Comprehensive Image Classification using Hybrid CNN-LSTM Model with Advanced Feature Extraction on Coco Dataset

Zahraa Haimeed Rasool 1 Maha Adham Abdel Amir 2

Department of Computer Science, College of Science, Mustansiriyah University, Baghdad, Iraq.

Keywords: Object Detection, Principal Component Analysis, Gray-Level Co-Occurrence Matrix, Histogram of Oriented Gradients, Convolutional Neural Networks, Long Short-Term Memory.


Abstract

A fundamental computer vision challenge is object detection, which involves pinpointing and classifying objects in an image or video. This capability opens up many possibilities in autonomous vehicles, surveillance, and image analytics. In this study, the proposed hybrid CNN_LSTM model is employed to classify various categories within the Coco dataset, spanning common everyday objects, animals, vehicles, and more. The workflow includes steps to enhance image data and extract pertinent features. Initially, RGB images were converted to grayscale to simplify processing, followed by histogram equalization to enhance the contrast and median blur for noise reduction. Principal Component Analysis (PCA), Gray-Level Co-Occurrence Matrix (GLCM), and Histogram of Oriented Gradients (HOG) were used for feature extraction. The architecture employs a proposed hybrid CNN_LSTM model structure, combining Convolutional Neural Spatial and sequential patterns are captured by CNNs and LSTM networks.
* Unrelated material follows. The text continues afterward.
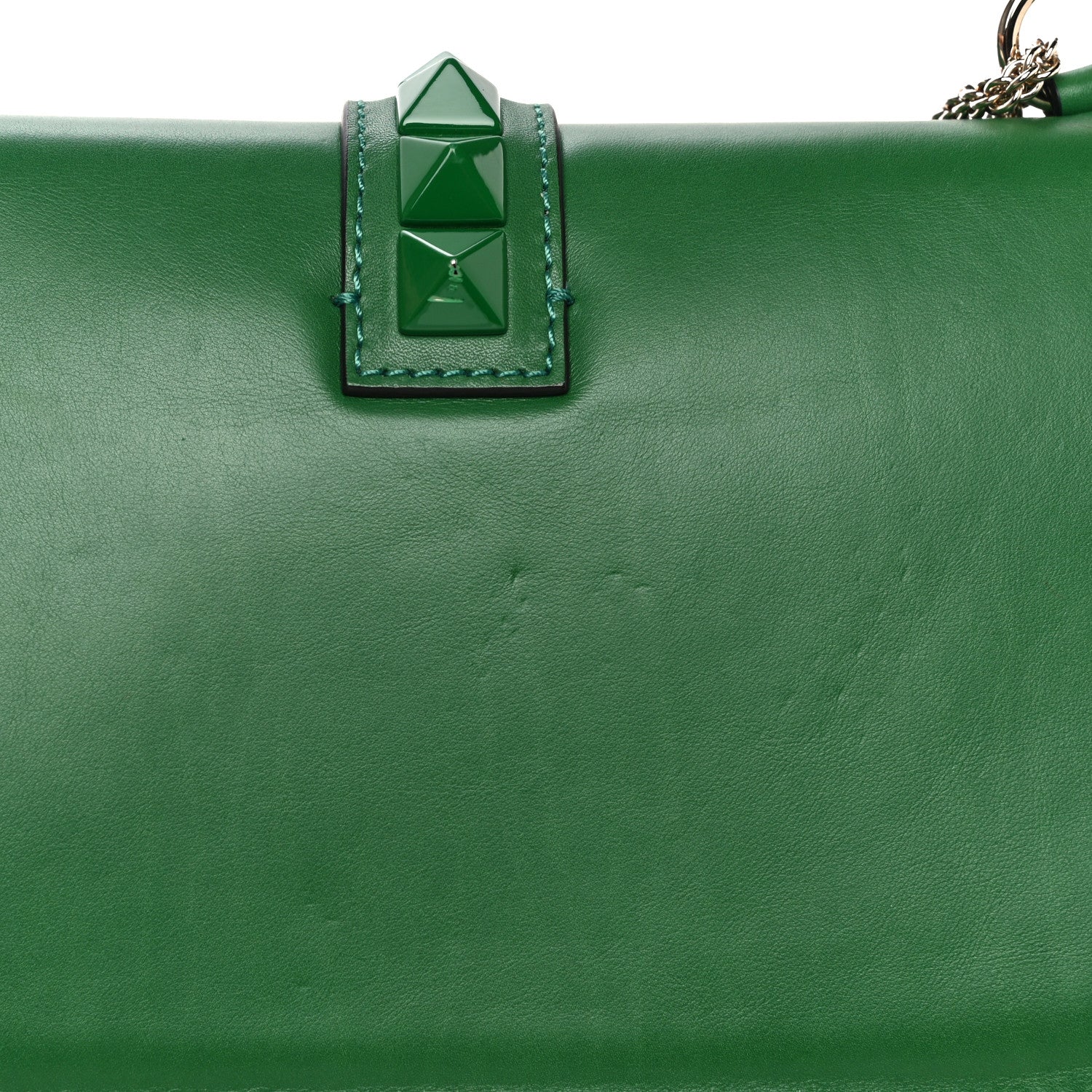Valentino Garavani Vitello Medium Glam Lock Rockstud Flap Pop Green 11 of 14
This effective hybrid neural network classifies images using preprocessing and feature extraction. The model performed well on the COCO dataset, with an accuracy of 0.9917, precision of 0.991738, recall of 0.991695, and F1 score of 0.999949, supported by consistent loss reduction and accuracy improvement in its training history, proving its pattern recognition abilities.